Brightside Capital è un multi-family office, un’azienda che ha il compito di supportare famiglie ed individui nell’amministrazione del loro patrimonio per individui con patrimoni molto importanti.
Un posizionamento che ha bisogno di cura e attenzione particolari, sia per distinguersi dai competitor che da altre realtà del mondo finanziario che insistono sulla stessa base di clientela.
Abbiamo esplorato questo posizionamento così particolare con Alberto Casna, Head of Marketing & Business Development di Brightside Capital.
“Vogliamo posizionarci come una fucina di contenuti oltre che come abilitatori di un network di relazioni con le menti più brillanti della finanza che mettiamo disposizione dei nostri clienti.”
Alberto Casna, Head of Marketing & Business Development, Brightside Capital

“Può capitare per un’azienda di credere di essere unica quando, di fatto non lo è. Noi di Brightside Capital, invece, possiamo citare almeno tre elementi che sono riconosciuti come un unicum nel nostro settore dalle persone e dagli enti con cui lavoriamo, tra cui banche, commercialisti, notai, che vedono tante realtà come noi.
- Modello di servizio: Molti family office sono realtà di piccole dimensioni, in cui il rapporto con il cliente è centralizzato su un’unica persona. Noi abbiamo invece scelto di strutturarci come le grandi società di consulenza: il modello di servizio che abbiamo adottato consiste nel mettere a disposizione delle famiglie un team di consulenti specializzati, capaci di fornire un know-how molto verticale. Questo anche alla luce del fatto che il mondo finanziario si è sofisticato molto negli ultimi anni, un contesto che premia quindi la specializzazione delle competenze. In sintesi, siamo organizzati con una persona che presidia la relazione, supportata da colleghi specialisti e attenti alle diverse esigenze che un cliente può avere. C’è una persona che presidia la relazione, supportata però da colleghi molto verticali e attenti a tutte le sfaccettature delle esigenze della famiglia.
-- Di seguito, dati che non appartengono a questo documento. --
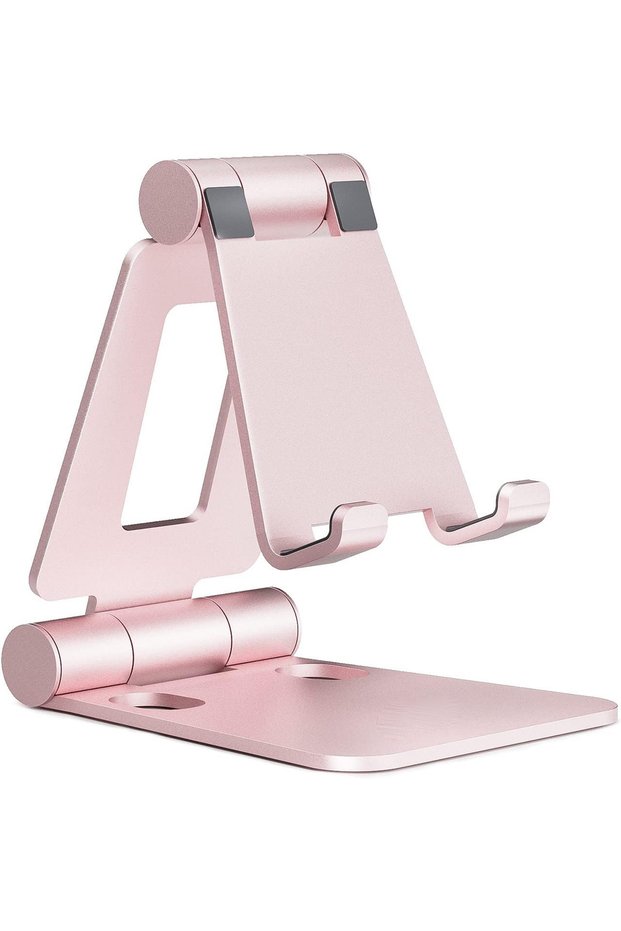 Rose Gold Dual Folding Cell Phone Stand, Adjustable Foldable Holder for iPhone 16/15/14/13/12/11 Pro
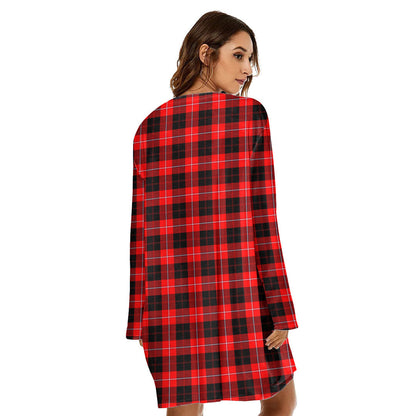 Cunningham Modern Tartan Crest Loose Crew Neck Dress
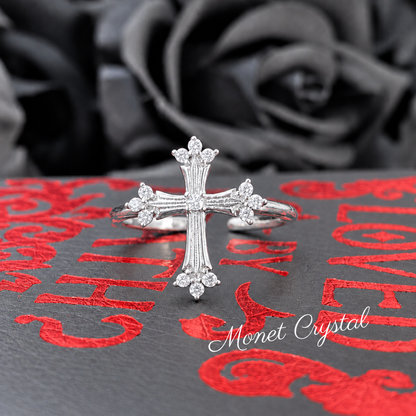 “Fleur Cross” White Gold Plated Brass Zircon Adjustable Ring
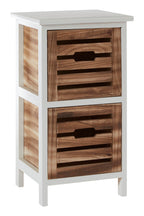 Natural and White Wooden 2 Drawer Chest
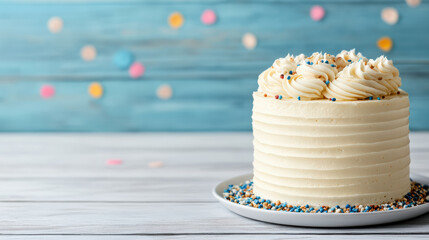 Sticker - Delicious homemade cake with creamy frosting and colorful sprinkles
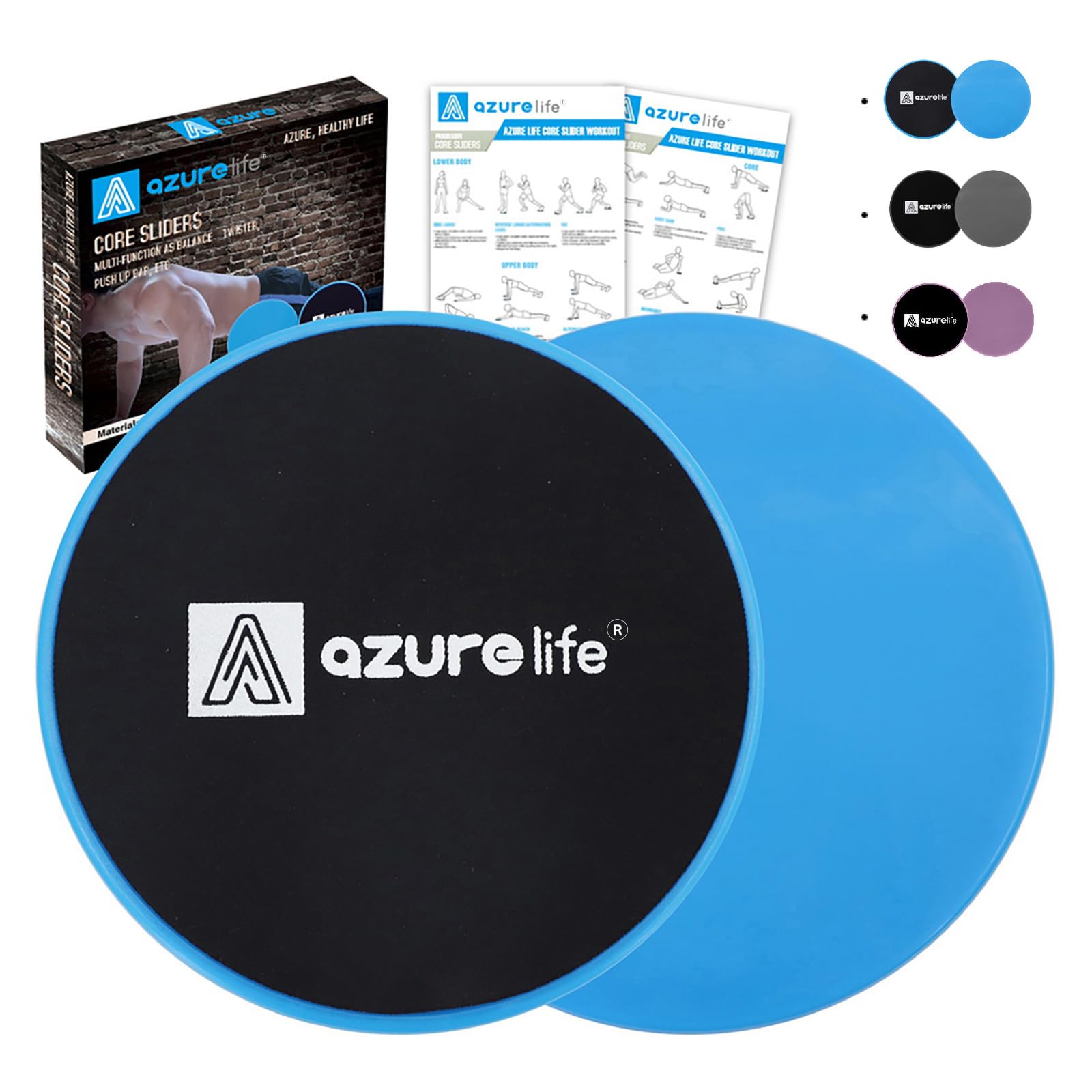 AZURE LIFE - Set di 2 dischi scorrevoli per esercizi su tutte le superfici, leggeri e portatili, perfetti per esercizi addominali e addominali - Image 1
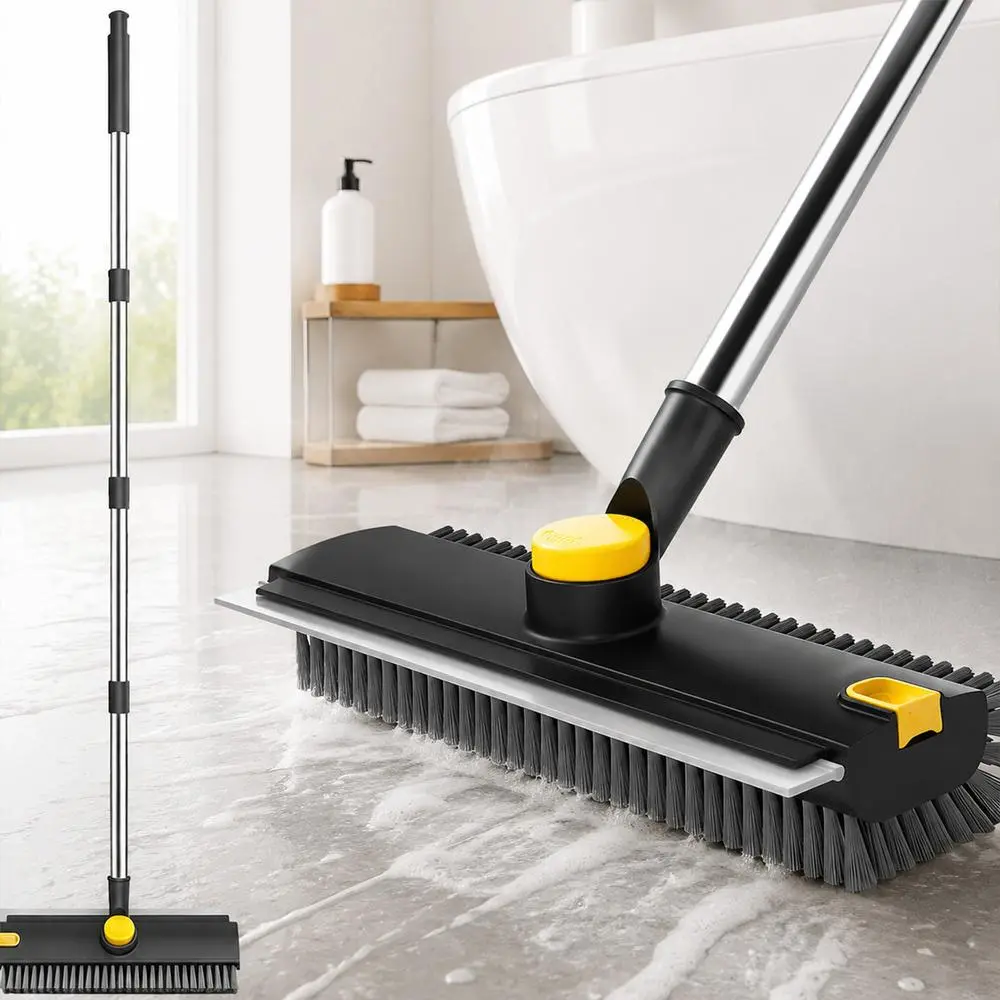 3-in-1 Bathtub Floor Cleaning Scrub Brush with Long Extendable Adjustable Pole, Anti-Wear Premium Hard Bristles & Integrated Squeegee, Scrub & Wipe Dual Action Cleaner for Shower Room, Garage, Black&Yellow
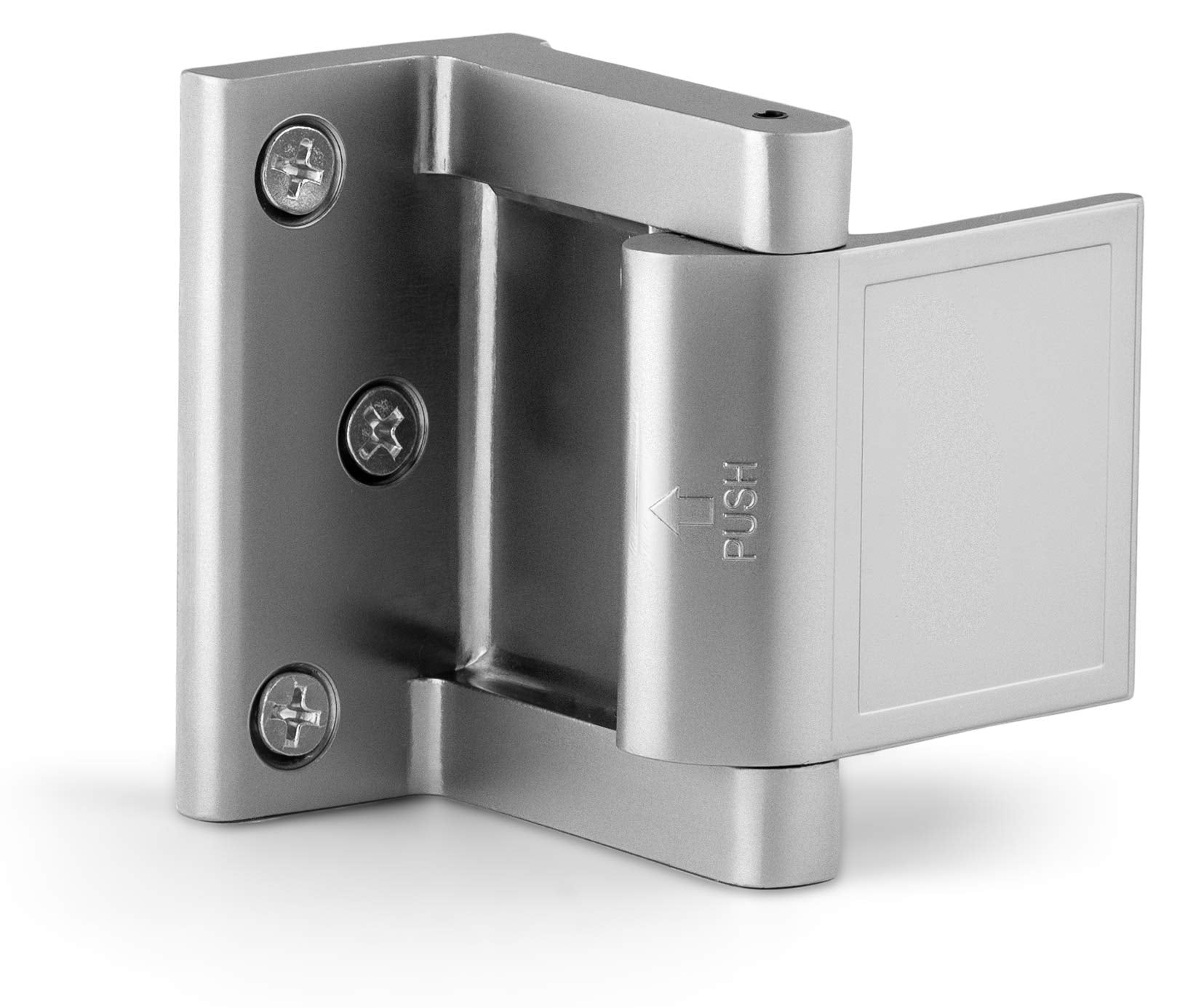 Berlin Modisch reinforcer on door in satin nickel adds strong security.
- Un altro elemento che ci contraddistingue rispetto ad altri family office è la dimensione tecnologica. Molti family office non guardano alla tecnologia come un fattore abilitante di un livello di servizio migliore verso il cliente. Noi invece abbiamo integrato e messo a sistema i migliori software che a nostro avviso abilitano i clienti ad avere sempre una visione aggiornata e completa del loro patrimonio. Oggi le famiglie che ci danno fiducia hanno a disposizione una piattaforma con cui possono in autonomia vedere ogni movimento effettuato dalle controparti con cui lavorano, avendo quindi un controllo sul dato totale. Abbiamo sviluppato una dashboard di dati con più di 40 controparti bancarie italiani e straniere: i dati automaticamente finiscono in un nostro software, che poi li aggrega in una dashboard dove il cliente può osservare tutto quello che accade.
- L’altro grande punto di differenziazione è una visione non convenzionale del mondo che poi si riverbera su tutte le verticali. Noi vogliamo posizionarci anche facendo leva sul nostro pensiero: siamo una società conosciuta per i suoi contenuti, vogliamo abilitare i nostri clienti a conoscere il mondo della finanza e a saperlo interpretare per prendere decisioni. La dimensione di education è, quindi, centrale: patrimoni importanti devono essere amministrati in un’ottica multigenerazionale, motivo per cui il trasferimento di conoscenza solitamente riguarda sia la generazione al comando oggi che quelle successive, un aspetto molto apprezzato da chi ci dà fiducia. Ci piace pensare che l’asimmetria informativa che solitamente caratterizza il rapporto cliente-fornitore debba essere minimizzata per strutturare un processo decisionale consapevole e che veda il pieno coinvolgimento di tutti gli attori coinvolti nell’amministrazione di un patrimonio. Su questo punto, un altro elemento che ci caratterizza è legato ai contenuti che analizziamo e che proponiamo ai nostri clienti: abbiamo ad esempio iniziato a studiare le cryptovalute ancora nel 2020 e all’interno del team è presente un analista geopolitico. Questo a supporto di due assunti in cui crediamo fortemente: per capire la finanza, è necessario avere quanti più punti di osservazione possibile, e che smettere di studiare è un lusso che non ci si può mai concedere in un mondo che si muove a queste velocità”.